Data listing ::
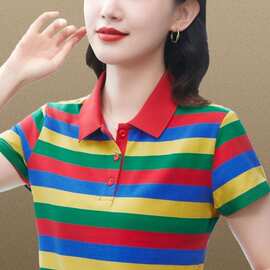 WZXSK2025夏季新款条纹撞色POLO领短袖T恤女洋气减龄遮肚中年妈妈
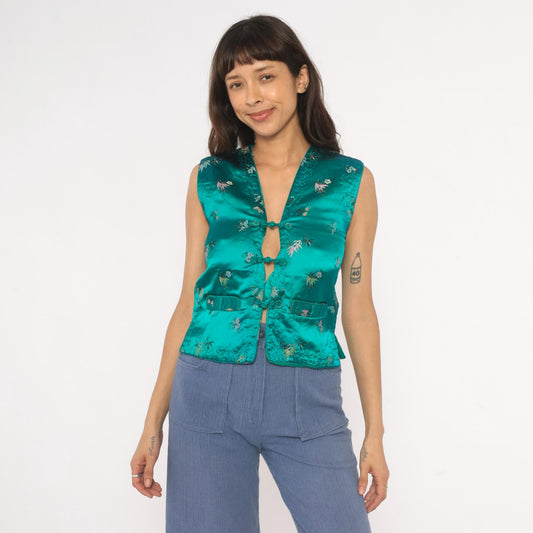 80s Esme Teal Satin Brocade Vest Floral Embroidered Frog Button Sleeveless Extra Small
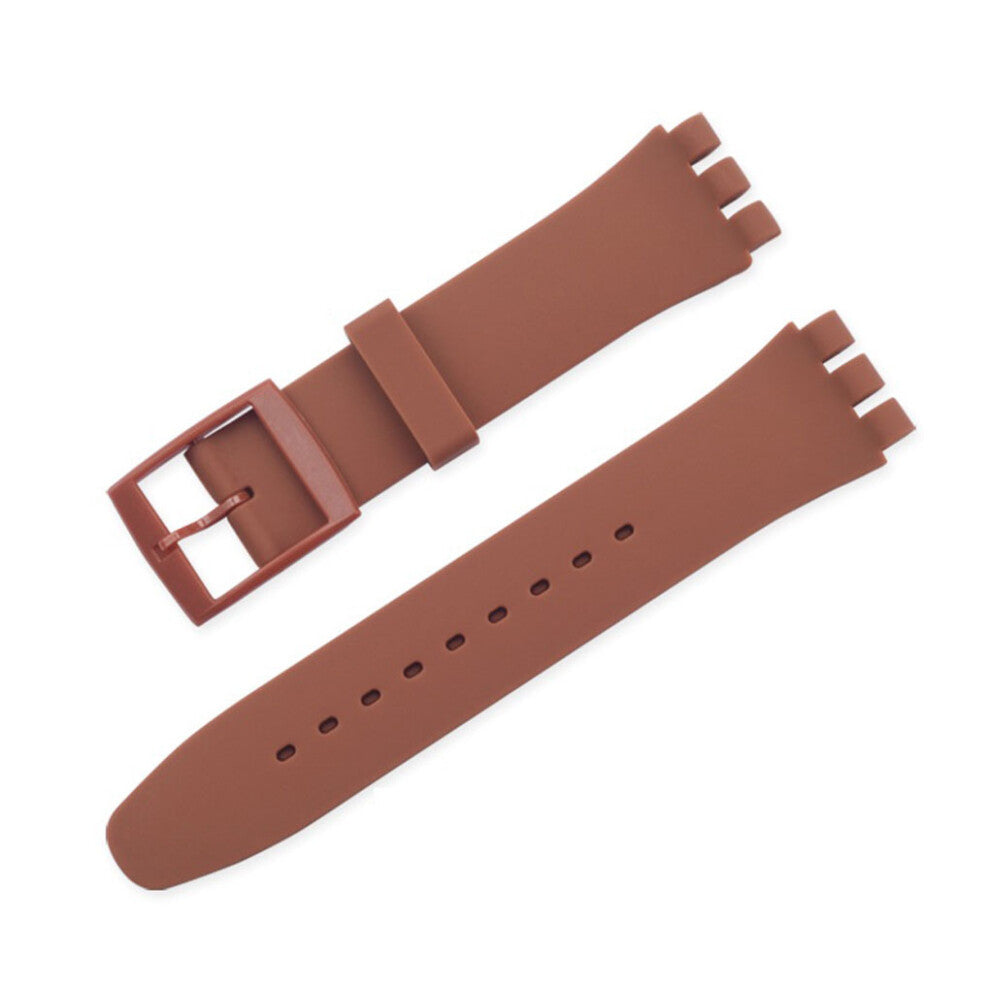 (Brown) Simple Design Watch Silicone Strap Wristwatch Band Belt Accessories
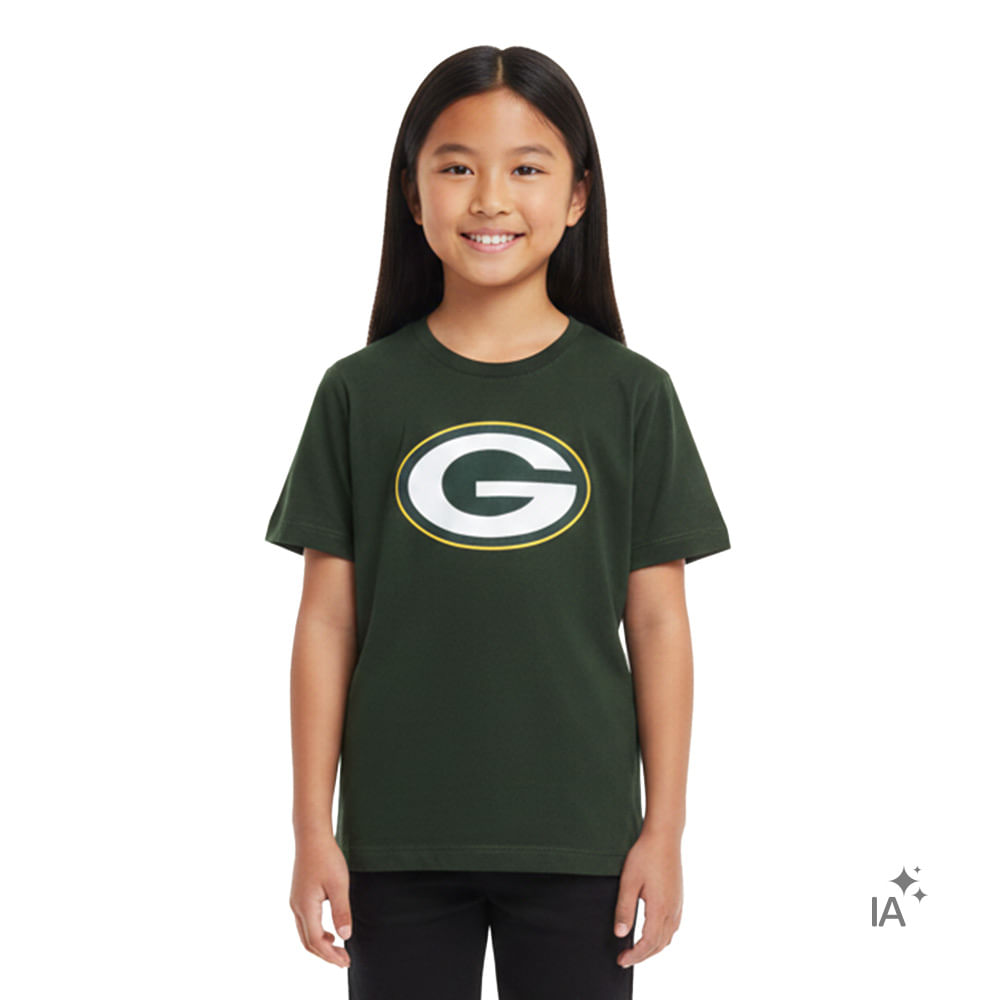 Camiseta Nfl Gbay Infantil — foto do produto em fundo branco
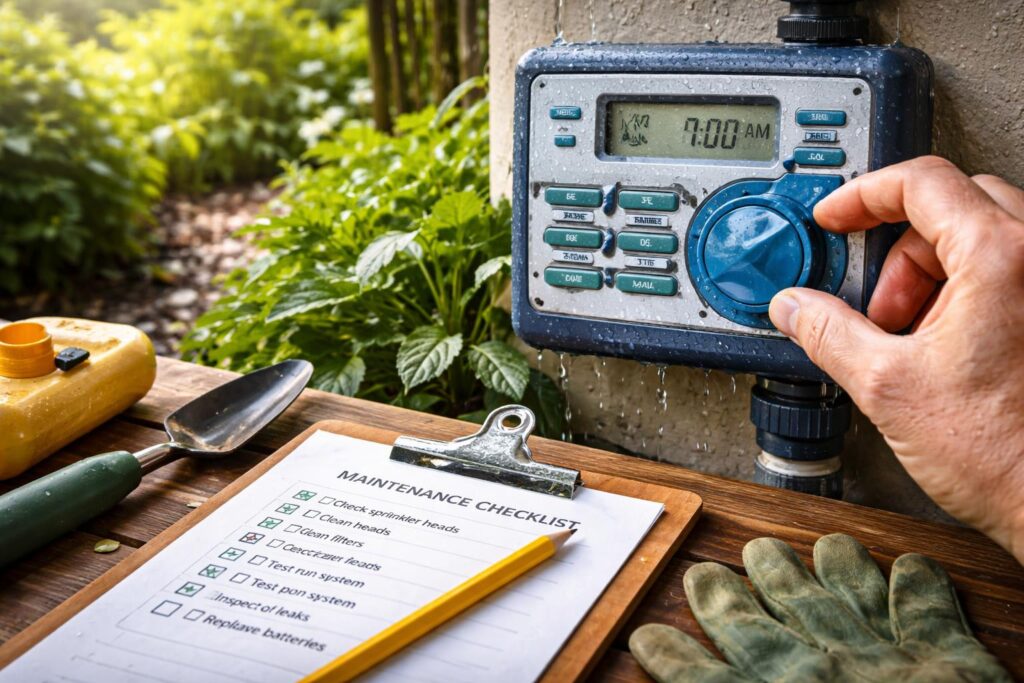 Automata öntözőrendszer karbantartása szerszámokkal és kézikönyvvel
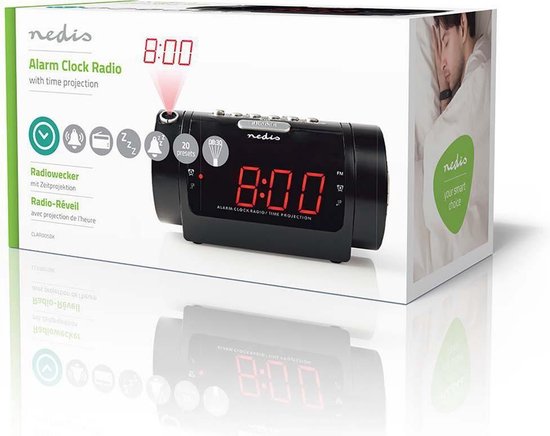 Nedis Digitale Wekkerradio Met Display Led Van 0,9"" Fm Dubbel Alarm Sluimeren - Zwart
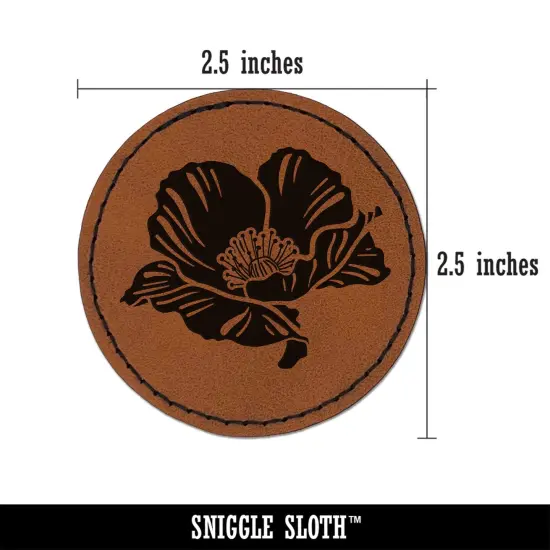 Pretty Poppy Flower Round Iron-On Engraved Faux Leather Patch Applique - 2.5" Brown {3}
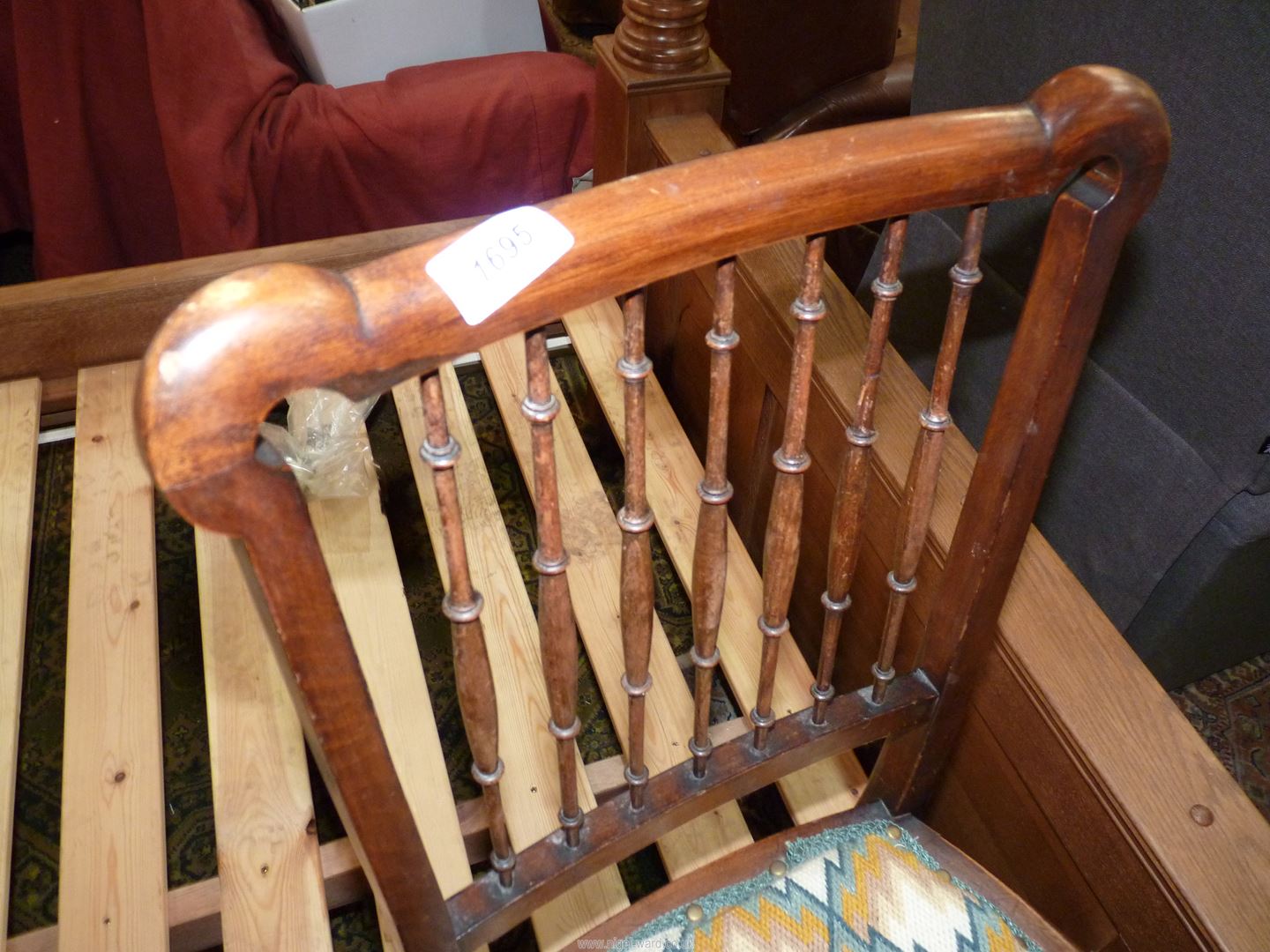 An appealing Mahogany/Satinwood framed spindle backed side Chair standing on cabriole front legs - Image 5 of 5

Problem to solve ::
Where the line with "Automata öntözőrendszer karbantartása" appears, begin there and transcribe exactly through the last line of the data, leaving all pictures aside.

Exercise answer ::
 Automata öntözőrendszer karbantartása szerszámokkal és kézikönyvvel
 Nedis Digitale Wekkerradio Met Display Led Van 0,9"" Fm Dubbel Alarm Sluimeren - Zwart
 Pretty Poppy Flower Round Iron-On Engraved Faux Leather Patch Applique - 2.5" Brown {3}
 An appealing Mahogany/Satinwood framed spindle backed side Chair standing on cabriole front legs - Image 5 of 5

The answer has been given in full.